Nash, the Times said, received a summons to meet with university administrators after he made the post.
“I had a comment on Facebook where I stated ‘Black Lives Matter is trash because they do not really care about black lives,’ ” he told the College Fix. ”‘They simply care about making money and disrupting events for dead people.’“
Nash, the College Fix added, tweeted a picture of the summons:
— [CENSORED] ✘ (@ConservativeJZN) July 7, 2016
According to the College Fix:
Nash, a 21-year-old biological sciences major at the public university, told The College Fix he is still trying to understand how his personal opinions on a social media platform, not under the purview of Purdue University Northwest, could be cause for administrative review by campus superiors.
“I am mostly in shock right now because I never would have thought my rights would be violated in such a disproportionately cruel and unjustified way,” he told The College Fix.
Pettee, according to the university’s website, “serves as a Deputy Title IX Coordinator and an investigator for complaints of harassment or discrimination.”
Nash also said he asked the college for more details during a phone call, and was reportedly told his comments on social media could result in his expulsion.

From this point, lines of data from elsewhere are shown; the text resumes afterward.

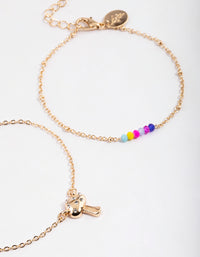 Gold Diamante Mushroom Bracelet Pack - link has visual effect only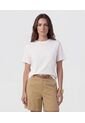 Camiseta Con Bolsillo De Encaje   Para Mujer Blanco Patprimo de Patprimo
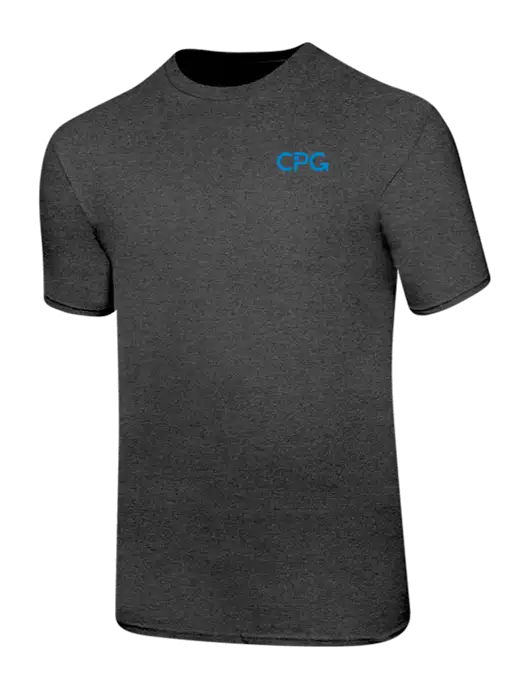 Ring Spun Dark Heather Grey 4.5 oz T-Shirt w/CPG Logo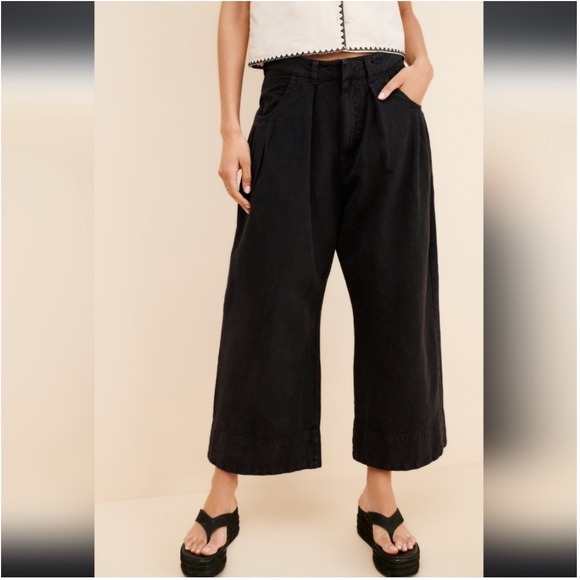 Free People Pants - Free People Sweet Talk Chino Pants black size 8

Additionally, he claimed the official he spoke to said the “#DangerousFaggot” — a reference to gay conservative Milo Yiannopoulos — in his Twitter bio is “homophobic.”

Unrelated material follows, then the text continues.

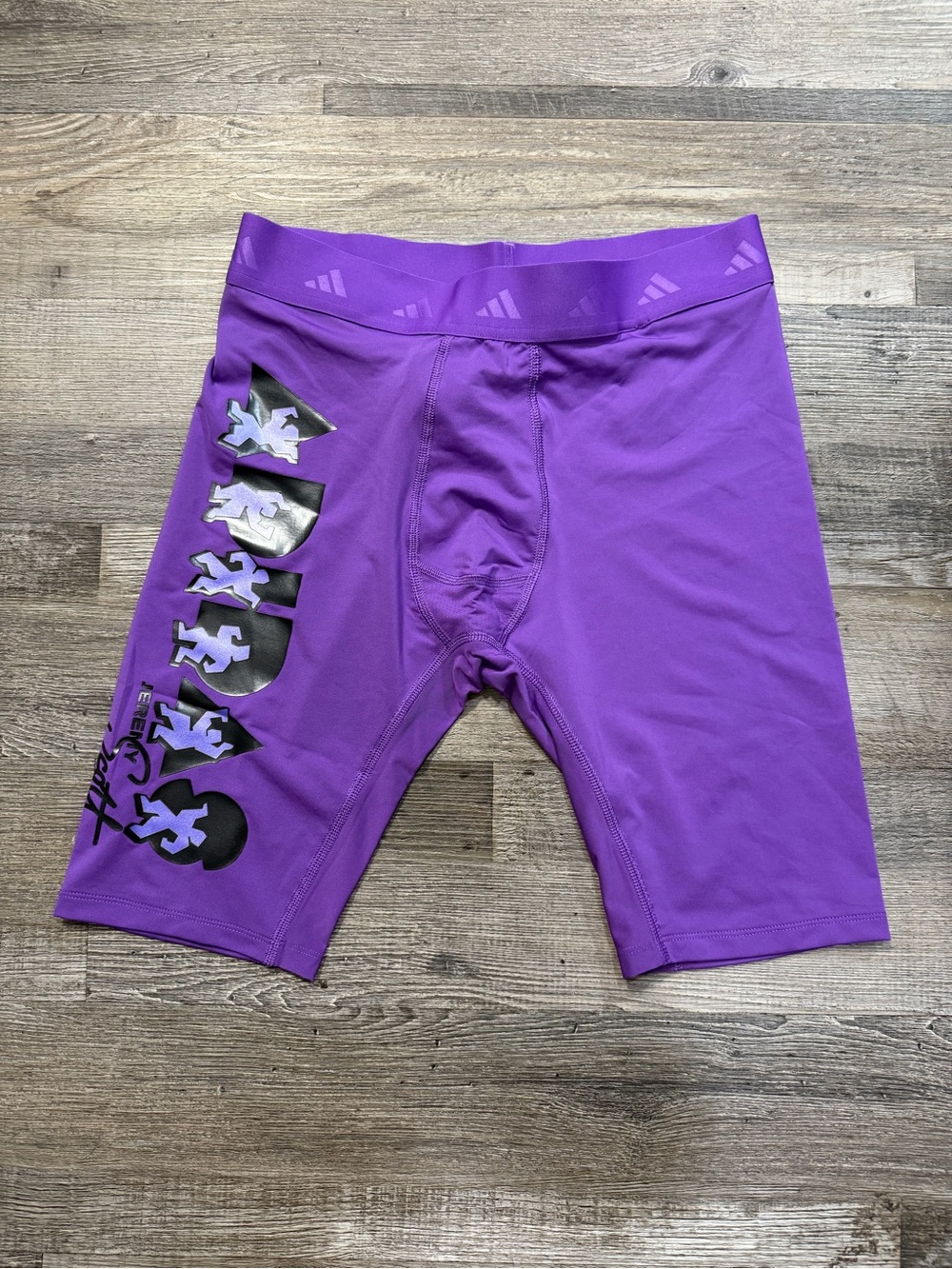 Adidas Jeremy Scott Biker‎ Bike ShortsPurple Training Tights 8.5” JL9215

“Those were their words,” he said.
The meeting has been scheduled for August, and Nash says he plans to attend with an attorney.
“[I’m] saddened that a public university would threaten a student with expulsion, something that could ruin their life, because they dared express their opinions on a private social media network,” he said.
The school responded to the College Fix after the initial report:
“Purdue Northwest has never suggested, let alone threatened, the idea of disciplining the student in question for exercising his right to freedom of expression. When, as here, an administrative meeting is called with a student on our Calumet campus, the purpose is to explore possible ways to support or establish a dialogue with that student, not to discipline him or her. The idea is to see if there might be a teachable moment opportunity for the student, not to treat it as a conduct matter. Protecting free speech is of central importance to our university, a commitment recognized by the Foundation for Individual Rights in Education when it conferred on Purdue Northwest its highest “green light” rating for its speech policies. Nothing involved in our administrative meeting process represents an abridgement of that stance.”